* _Exercise description_
Return an exact copy of the lines from the one holding "NFL DETROIT LIONS" to the end of the data, including both the starting and final lines. Leave the pictures out.

* _Data_

◇ ◇ ◇ ◇

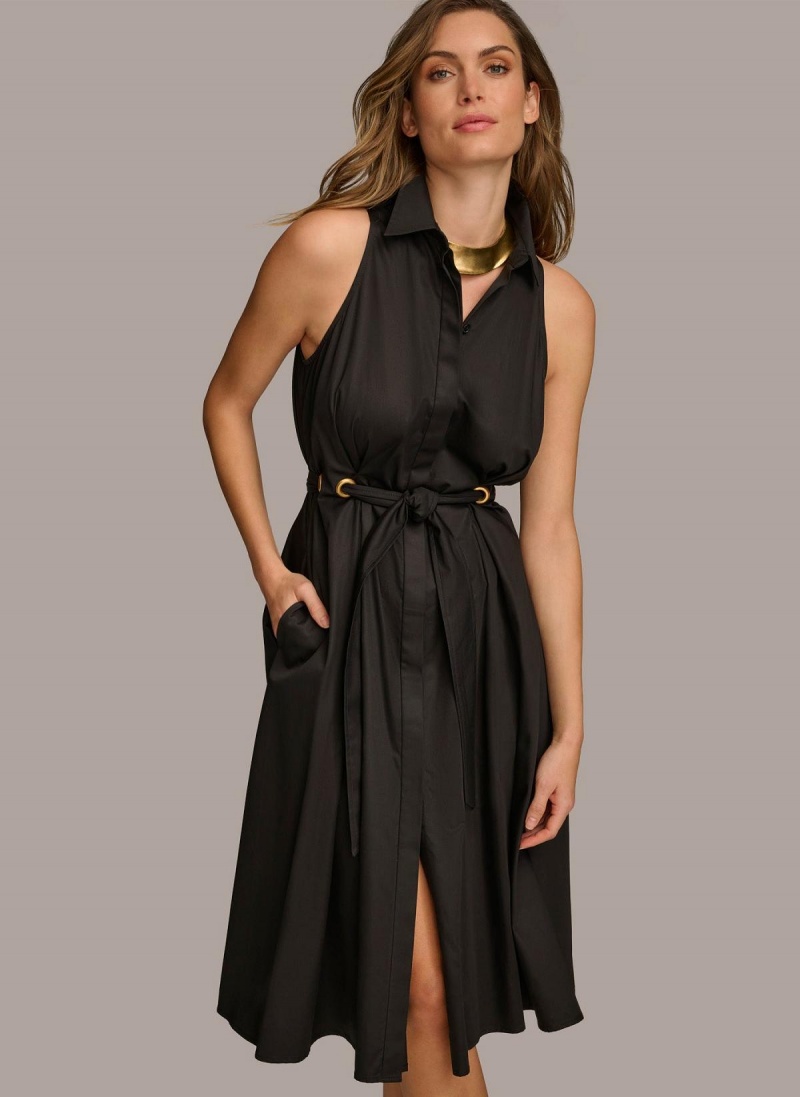 Donna Karan Cotton Shirt Dress Black | UAE_DK30768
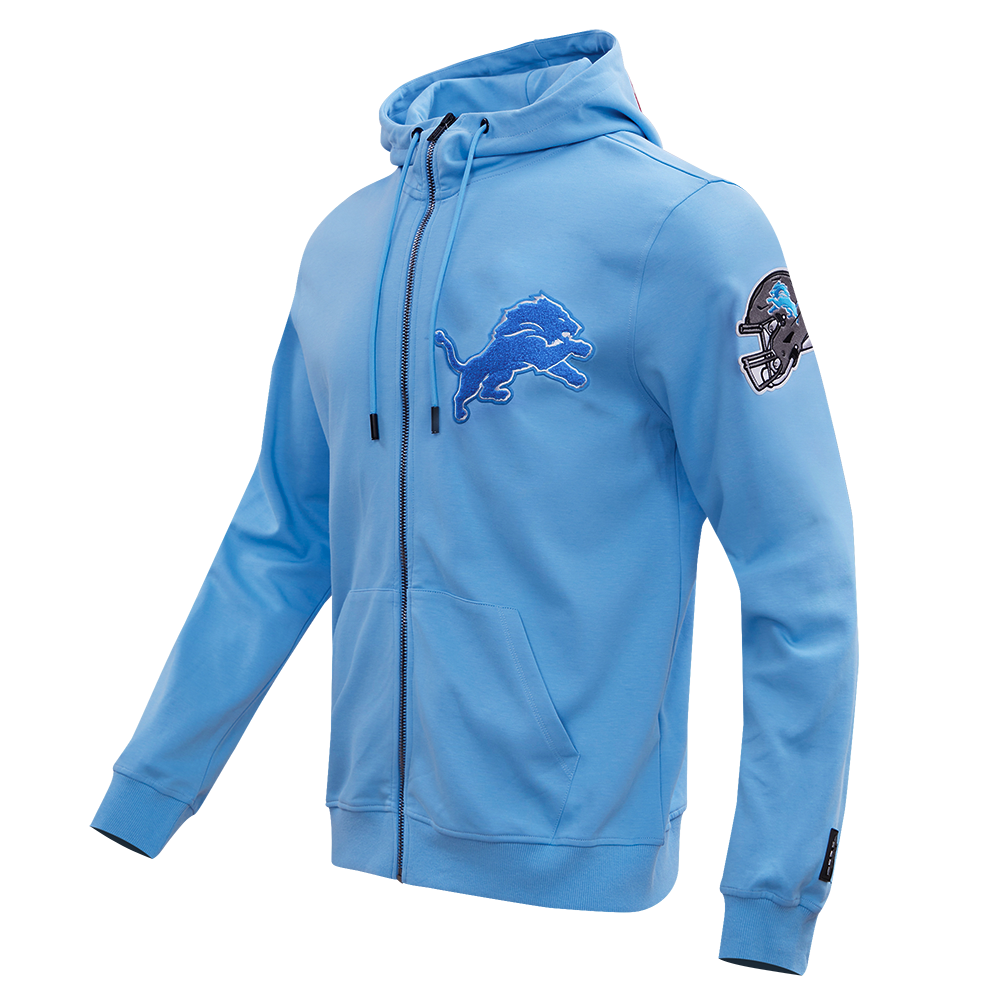 NFL DETROIT LIONS CLASSIC CHENILLE MEN'S FZ PO HOODIE (UNIVERSITY BLUE)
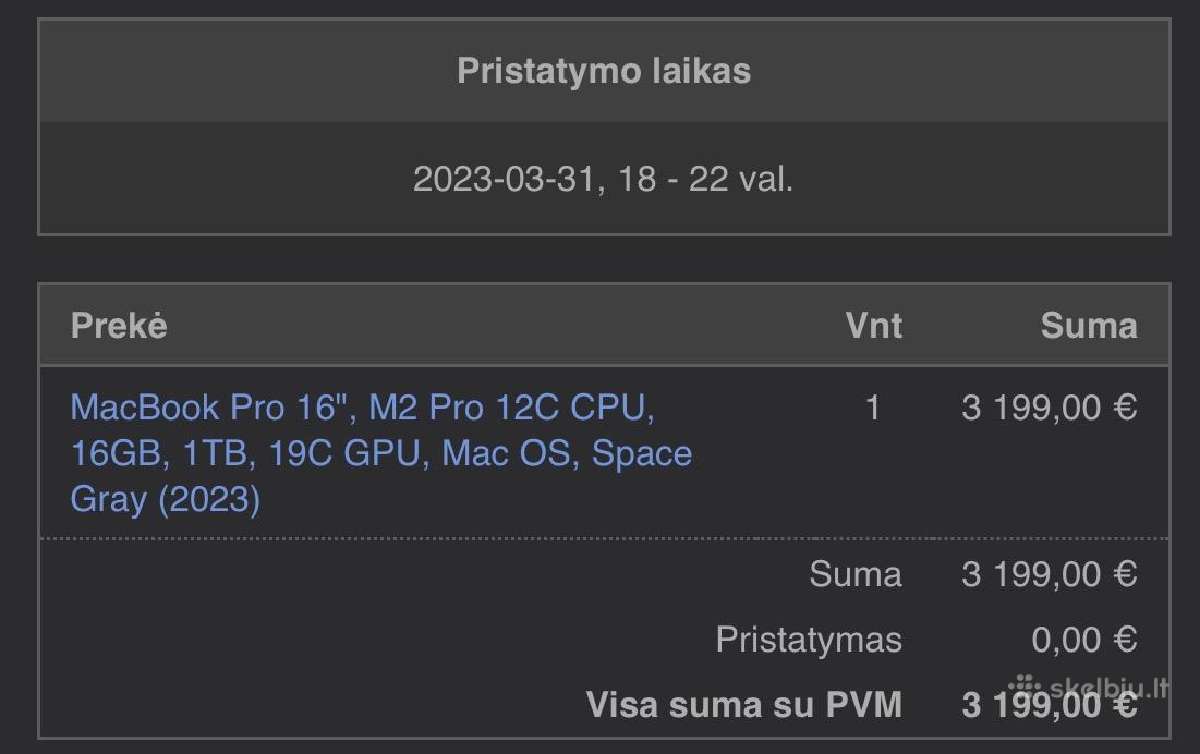 MacBook Pro 16", M2 Pro 12c Cpu, 16gb, 1tb - nuotraukos Nr. 4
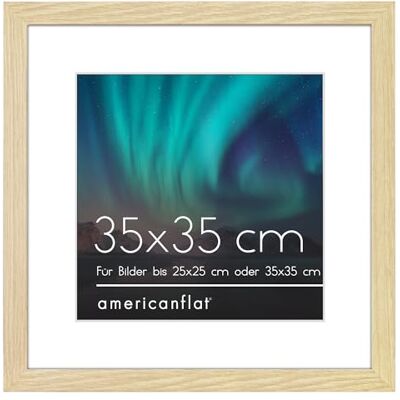 Americanflat 35x35 cm Bilderrahmen aus MDF-Holz mit 25x25 cm Passepartout quadratischer Fotorahmen mit Plexi-Scheibe und integrierter Aufhängung für Wandmontage Eiche/Natur Americanflat 35x35 cm Bilderrahmen aus MDF-Holz mit 25x25 cm Passepartout quadratischer Fotorahmen mit Plexi-Scheibe und integrierter Aufhängung für Wandmontage Eiche/Natur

◇ ◇ ◇ ◇

* _Task answer_
 NFL DETROIT LIONS CLASSIC CHENILLE MEN'S FZ PO HOODIE (UNIVERSITY BLUE)
 MacBook Pro 16", M2 Pro 12c Cpu, 16gb, 1tb - nuotraukos Nr. 4
 Americanflat 35x35 cm Bilderrahmen aus MDF-Holz mit 25x25 cm Passepartout quadratischer Fotorahmen mit Plexi-Scheibe und integrierter Aufhängung für Wandmontage Eiche/Natur Americanflat 35x35 cm Bilderrahmen aus MDF-Holz mit 25x25 cm Passepartout quadratischer Fotorahmen mit Plexi-Scheibe und integrierter Aufhängung für Wandmontage Eiche/Natur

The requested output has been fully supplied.